Die Geschäftsprüfungskommissionen von National- und Ständerat (GPK-N/GPK-S) haben eine entsprechende parlamentarische Initiative eingereicht, wie die Parlamentsdienste am Freitag mitteilten. Das Ziel sei, dass Richterinnen und Richter für Fehlverhalten sanktioniert werden können. Heute ist nur eine Amtsenthebung möglich.
Die GPK wollen künftig ein gerichtsexternes Aufsichtsgremium einführen, welches unabhängig von politischen Einflüssen ist. Dieses soll die Einhaltung der Amtspflichten der Richterinnen und Richter sicherstellen, wie es hiess. «Dies könnte ein sogenanntes Justizgericht sein, wie es bereits verschiedene Kantone kennen.»
Richter haben sich schon zu viel geleistet
In der jüngeren Vergangenheit waren Mobbing- und Sexismusvorwürfe am Bundesstrafgericht und Streitereien am Bundesverwaltungsgericht publik geworden. In verschiedenen Medienberichten wurde 2019 beispielsweise über allerlei Verstösse und Vorkommnisse am Bundesstrafgericht berichtet. Es war die Rede von übermässigen Spesen, lascher Arbeitsmoral, Sexismus, Mobbing gegen italienischsprachige Mitarbeitende und mehr.
Das Bundesgericht respektive dessen Verwaltungskommission, die die Aufsicht über erstinstanzlichen Gerichte ausübt, verfasste daraufhin einen Bericht. Die GPK des Parlaments kritisierten diesen scharf. Sie hielten etwa fest, dass den Sexismusvorwürfen nicht ausreichend nachgegangen worden und das rechtliche Gehör einzelner Personen am Bundesstrafgericht verletzt worden sei.
In der aktuellen Mitteilung schrieben die GPK, dass es an den eidgenössischen Gerichten immer wieder zu «teils gravierenden Verfehlungen von Richterinnen und Richtern» komme. Diese beträfen zwar jeweils nicht die Rechtsprechung, beeinträchtigten jedoch das Funktionieren und das Ansehen der jeweiligen Gerichte.
«Alles-oder-nichts-Verfahren ist unbefriedigend»

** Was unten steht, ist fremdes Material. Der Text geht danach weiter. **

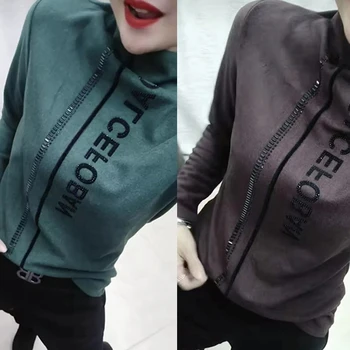 

Double-sided velvet bottoming shirt women's new foreign style heavy drilling small shirt collar padded inner T-shirt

«Es geht nicht um richtige oder falsche Urteile, sondern um Abläufe, welche die Rechtsprechung beeinflussen können», sagte Ständerätin Marianne Binder-Keller (Mitte/AG), Präsidentin der Subkommission Gerichte der GPK-S. Die Geschäftsprüfungskommissionen hätten sich schon x-mal mit Streitereien, Mobbingvorwürfen und schlechter Stimmung an den Gerichten beschäftigen müssen.
Heute gebe es in solchen Fällen keine disziplinarischen Möglichkeiten, hielt Binder-Keller fest. «Man kann eine Person entweder nicht mehr zur Wahl vorschlagen oder nicht mehr wählen.» Aus Sicht der GPK brauche es aber weitere Sanktionsmöglichkeiten. «Das Alles-oder-nichts-Verfahren ist unbefriedigend.»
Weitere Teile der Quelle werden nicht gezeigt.